Kansas City (dir. by Robert Altman, 1996)

Robert Altman’s Kansas City, starring Jennifer Jason Leigh as a young woman who kidnaps the wife (Miranda Richardson) of a Kansas City political bigwig with the hopes of getting help to free her small-time hood husband (Dermot Mulroney) from the clutches of K.C.’s biggest crook, Seldom Seen (Harry Belafonte). The treat for jazz fans comes in the soundtrack, recorded “live at the Hey Hey Club” with some of today’s brightest stars playing the loose, swinging jazz of the 30’s.

This was a time, during the Great Depression, when Kansas City was the center of the jazz world. As the hub for dozens of Territory Bands who’d travel through the hinterlands playing the hits of the day, the greatest musicians of the swing era spent a good deal of time in Kansas City. Charlie Parker himself grew up in Kansas City around this time and a young actor plays a bit part as a young “Yardbird” hanging out at the club and silently marveling at his heroes, alto sax slung around his neck.

But it’s the jazz pros providing the soundtrack that got my attention in the first place. Though they weren’t given any lines, the professional musicians at the Hey Hey Club stole every scene they had. There’s David “Fathead” Newman taking a rare turn on alto sax, Geri Allen showing her boogie woogie piano chops, joyous trumpet work from Nicholas Payton & Olu Dara, and Kevin Mahogany sings a bit of blues from behind the bar (as a female patron lounges beside the pints and highballs). Early in their careers, the cool guitar work featured both Mark Whitfield and Russell Malone, and I spotted Lewis Nash and bass giants Ron Carter and Christian McBride almost fading into the background at the back of the bandstand.

A few of the musicians played the parts of real-life legends, though again without any lines. A very young James Carter nails his short solos in the role of the great tenor Ben Webster, and the musical highlight is the tenor sax battle between Joshua Redman (as Lester Young) and Craig Handy (as Coleman Hawkins). As their fellow musicians do, they play energetically in the swing style of the day, but they don’t strictly imitate the giants they portray. Director Altman says he told the band to feel the looseness and energy of this exciting time when the great soloists began to break out of the collaborative sound of the big bands.
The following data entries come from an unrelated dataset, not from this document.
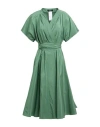 Weekend Max Mara Woman Midi Dress Sage Green Size 12 Polyester, Cotton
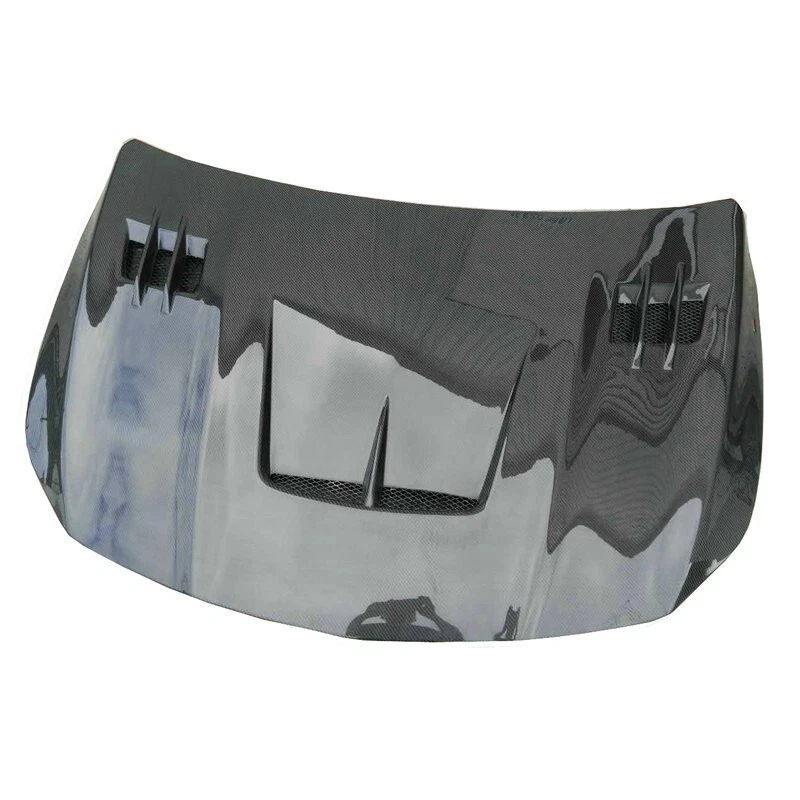 Capó delantero de fibra de carbono real para Mercedes-Benz CLA W117 2013-2019 capó ventilado Foto 1 de 4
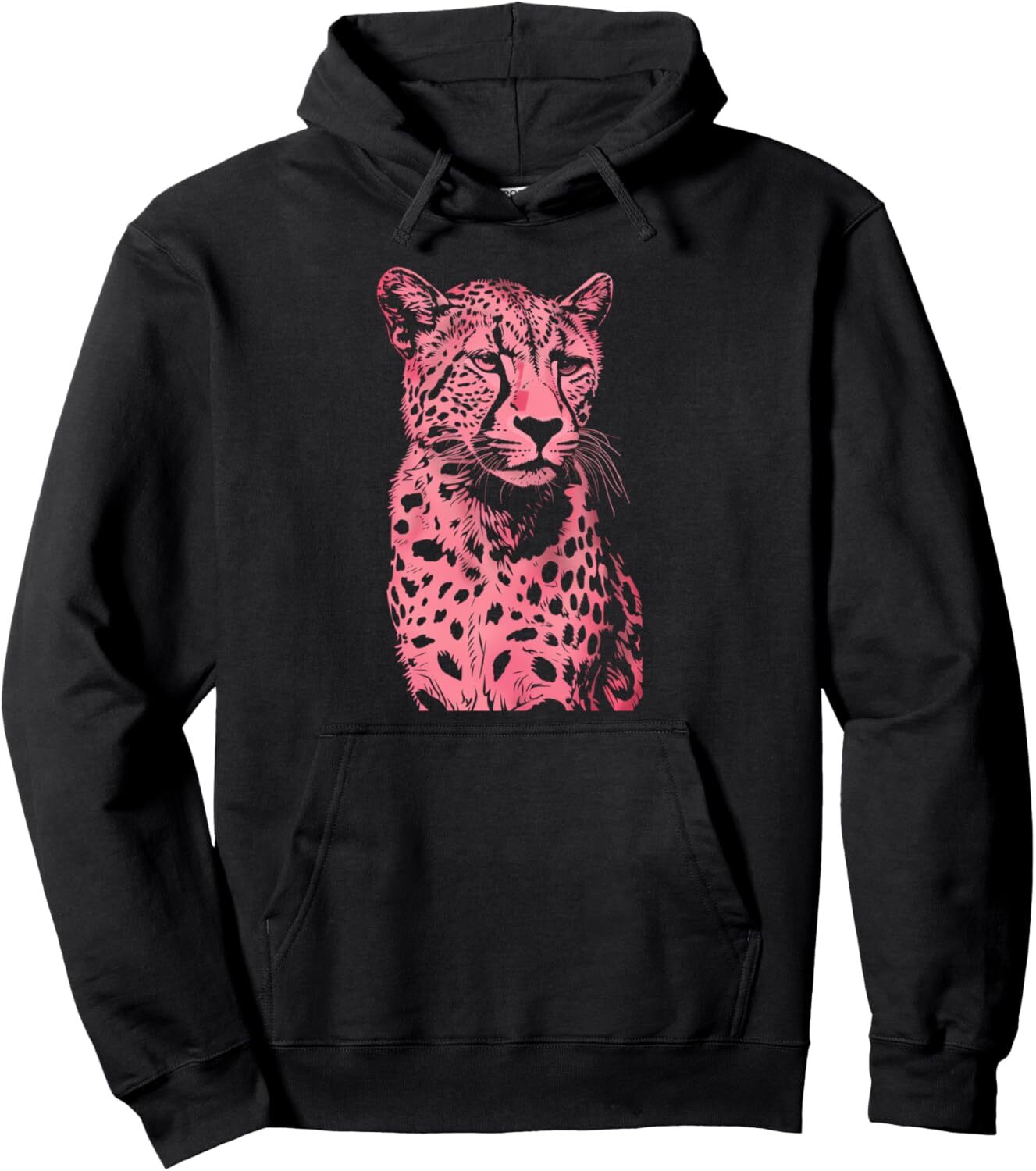 Hoodie for Mens Womens Leopard Silhouette Animal Art For Women Men Kids Pullover Hoodie Graphic Hoodies sweatshirt Pullover Long Sleeve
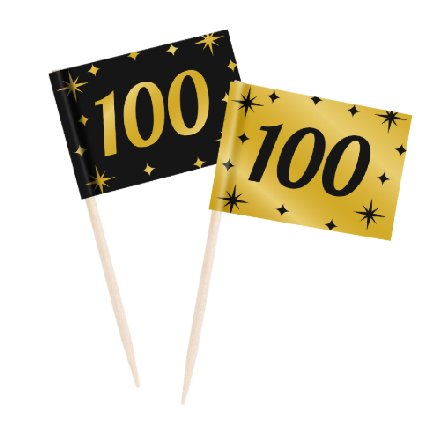 Picker mit Zahl 100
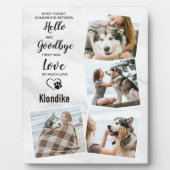 ペット犬メモリアルペットロス記念Keepsake 4フォトコラージュ フォトプラーク (正面)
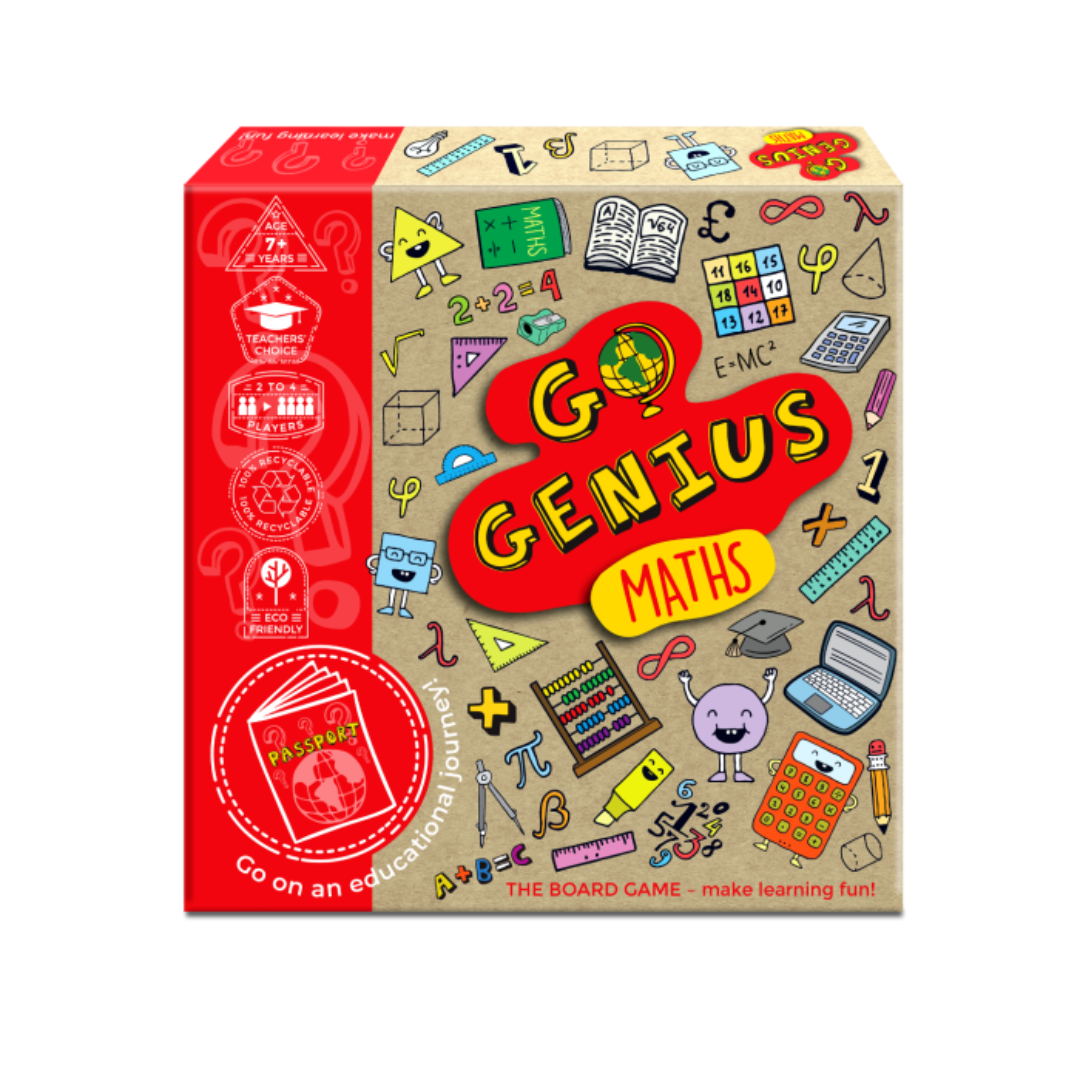 Go Genius Maths Educational Board Game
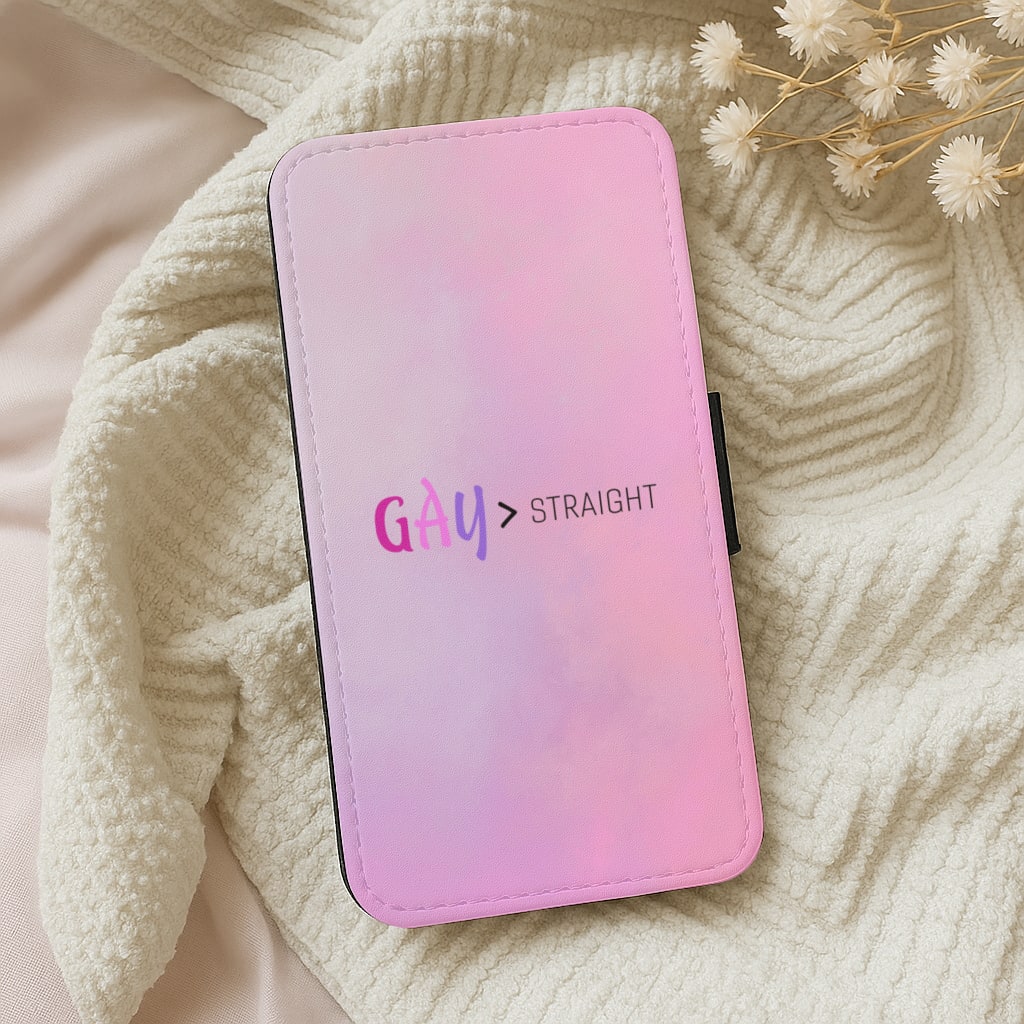 Gay Over Straight - Trisha Paytas Wallet Phone Case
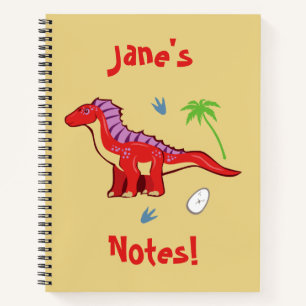 Baby Dinosaur Amargasaurus Notebook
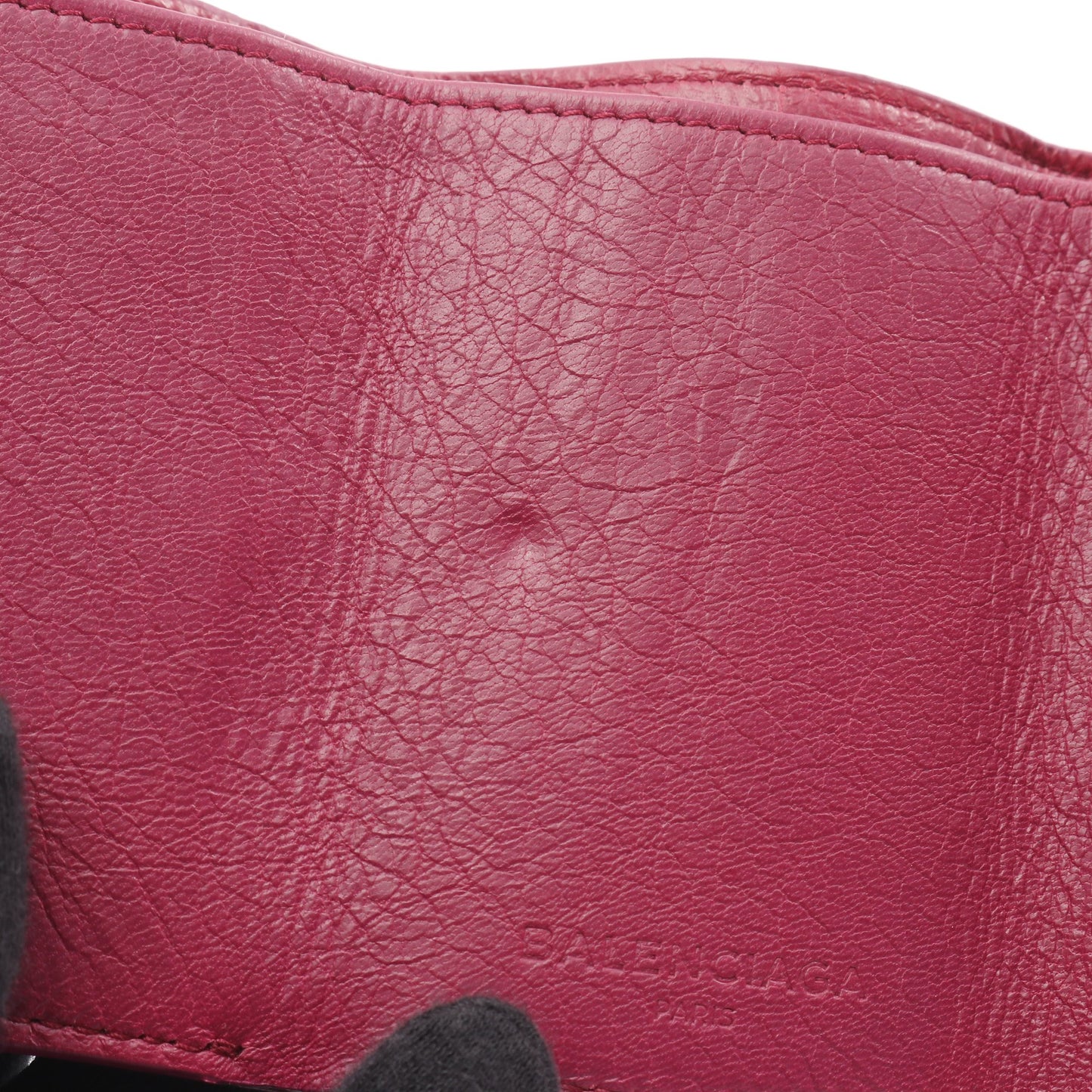 クラシック ミニ ウォレット 三つ折り財布 レザー ピンクパープル バレンシアガ 財布・小物 BALENCIAGA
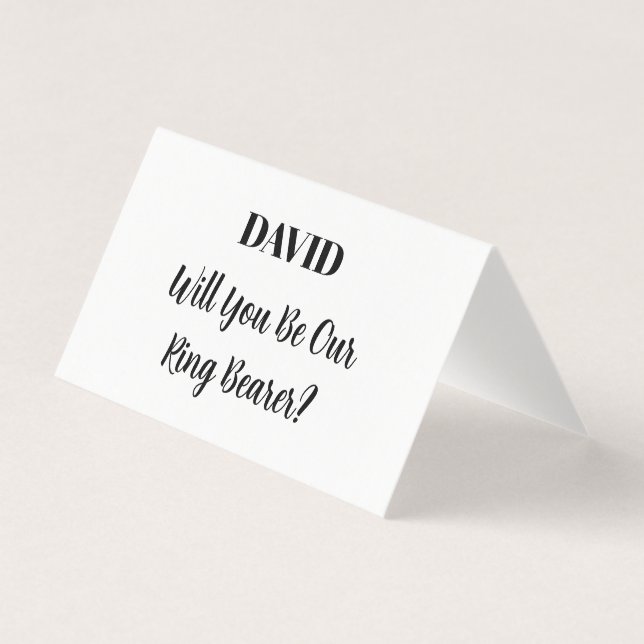 Ringinnehavarens anpassade namn Bröllop är minimal Kort (Framsida)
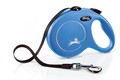 Flexi New Classic Hundeleine Gurtleine Rollleine 5m (L) blau- für Hunde bis 50kg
Sadly, excepting the two minutes of tenor battle, the music segments are rather short. As a jazz nerd, I still found it fascinating to see the big names of today playing in the context of the legends that came before them.

The film itself is called by Altman one of his personal favorites, and the DVD commentary track features some interesting insights into the director’s childhood in 1930’s Kansas City. However, I found the story too thin to support the hard work of a talented cast. Harry Belafonte’s Seldom Seen monologues are an interesting insight into race relations of the time, but the message gets through in half the time taken. The sets are impressive, Altman spent much of the budget refurbishing a section of his beloved Kansas City train station, the acting is sharp, particularly the drug-addled politician’s wife played by Miranda Richardson, but my heart belonged to the live jazz scenes.

Altman famously recorded the band live while they filmed and the sound track is well worth picking up, with much more detailed info on the technical difficulties of recording the music while making the film. I’ll give this movie 3 stars out of 5, an extra star if you’re a big fan of the director, but I prefer his films The Player and Gosford Park. Jazz geeks like me will thrill to the music and a look at today’s big jazz stars just cutting their teeth.

Click Here to listen to Yeah Man! from the Kansas City original motion picture soundtrack.

UPDATE: listener Kandie (in comments) also recommends Altman’s “Jazz ’34” Rememberances of Kansas City Swing from Rhapsody Films (including complete versions of the jazz snippets in the film) and 3 related CDs: Kansas City: Orig. Motion Picture Soundtrack (noted in the above review), Kansas City Band: More Music from Robert Altman’s Kansas City, and The Real Kansas City of the 20’s 30’s and 40’s. thanks, Kandie!!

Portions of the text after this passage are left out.